Task to carry out: In your copy, leave out the pictures and output only the lines from the one holding "攝影師「真實版獅子王」霸氣照　成功募款650萬元做保育" through the end of the data below, exactly.

Segment Start: Data excerpts

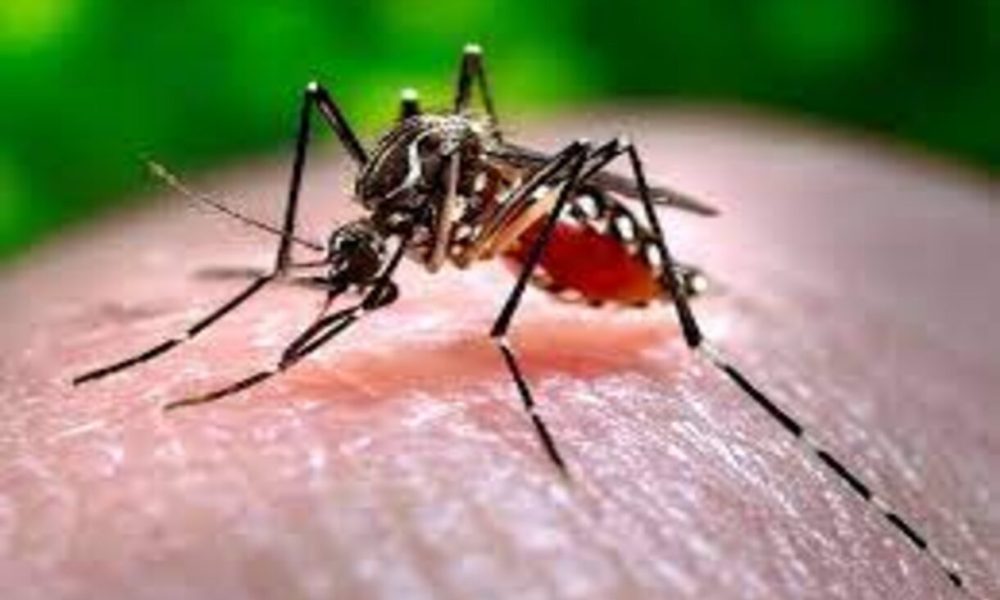 Dengue cases surge in Delhi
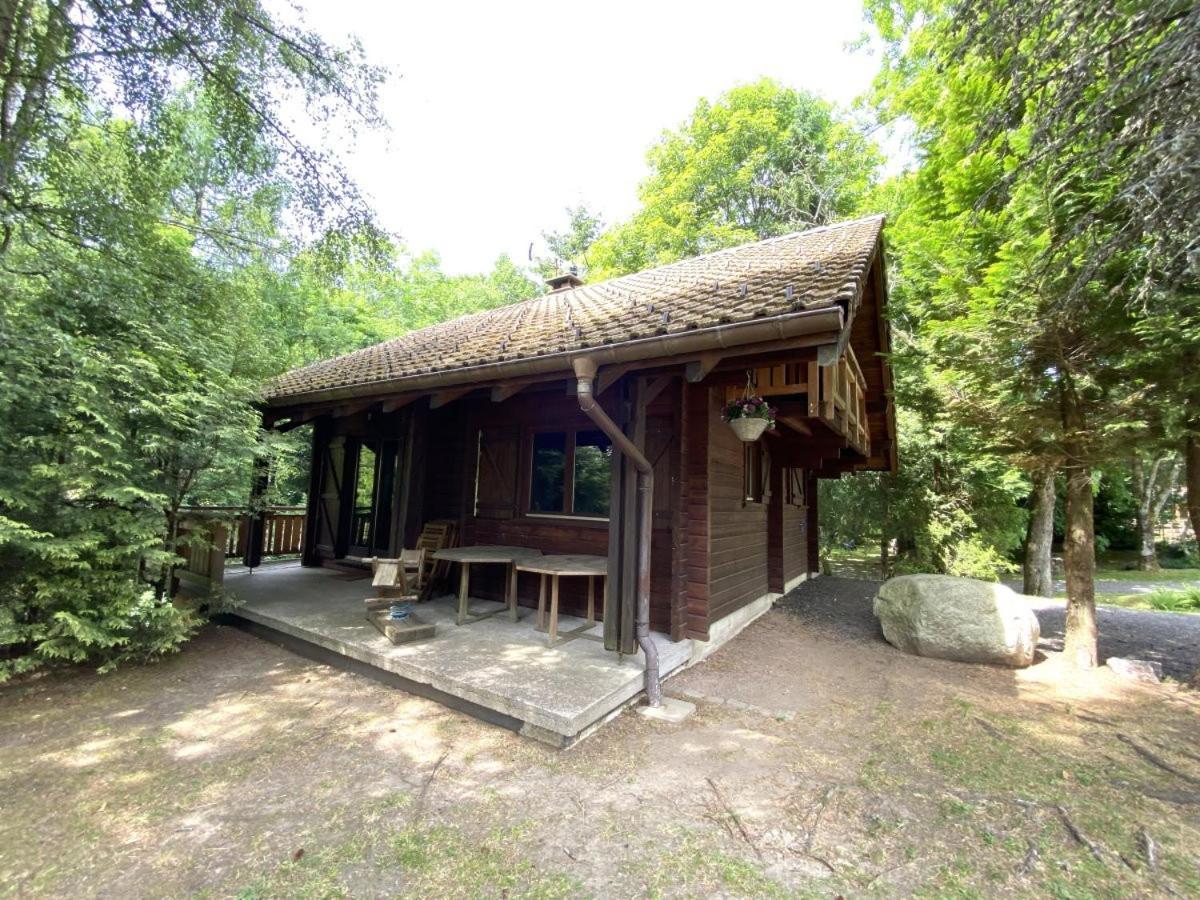 Le Renard Chalet En Bois La Bresse Exteriér fotografie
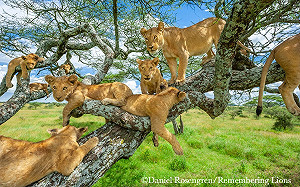 攝影師「真實版獅子王」霸氣照　成功募款650萬元做保育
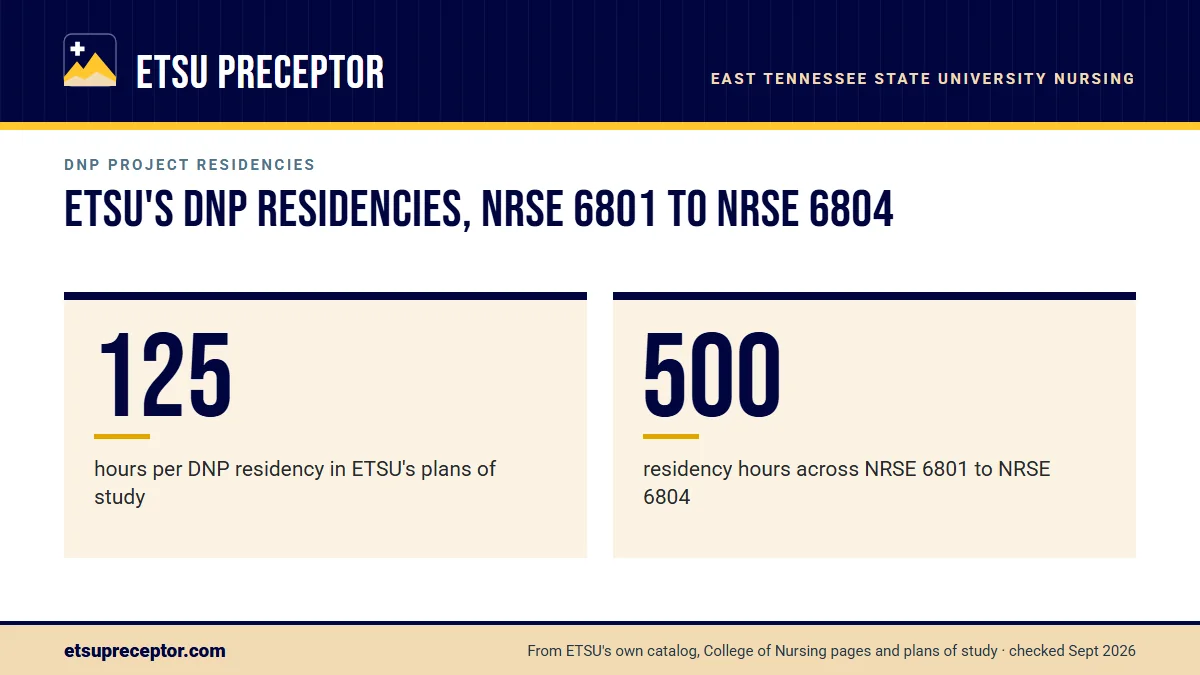 ETSU's DNP residencies, NRSE 6801 to NRSE 6804. 125: hours per DNP residency in ETSU's plans of study; 500: residency hours across NRSE 6801 to NRSE 6804.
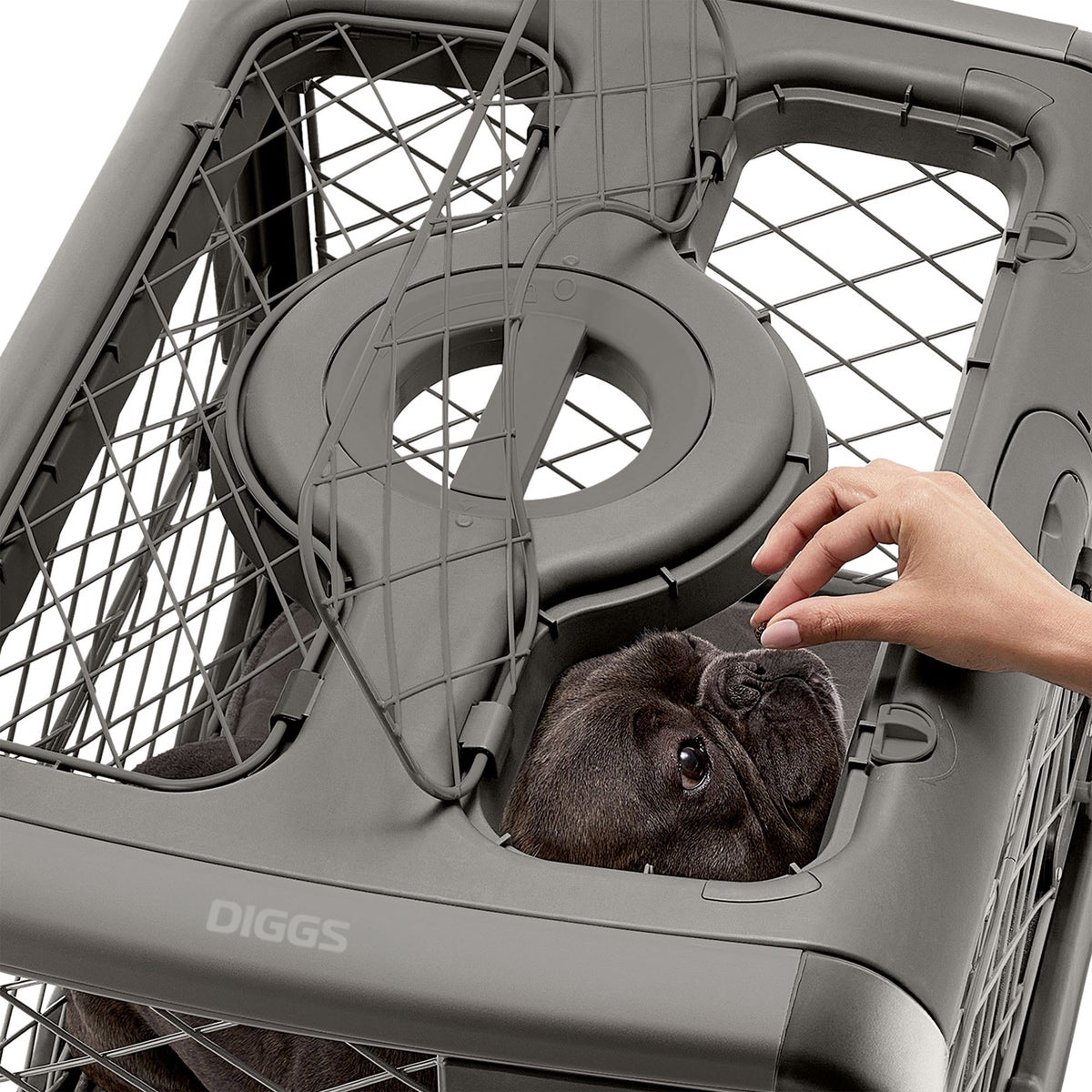 Diggs Revol Collapsible Dog Crate and Pad Set, Small - Retail $250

Segment End: Data excerpts

Answer below:
 攝影師「真實版獅子王」霸氣照　成功募款650萬元做保育
 ETSU's DNP residencies, NRSE 6801 to NRSE 6804. 125: hours per DNP residency in ETSU's plans of study; 500: residency hours across NRSE 6801 to NRSE 6804.
 Diggs Revol Collapsible Dog Crate and Pad Set, Small - Retail $250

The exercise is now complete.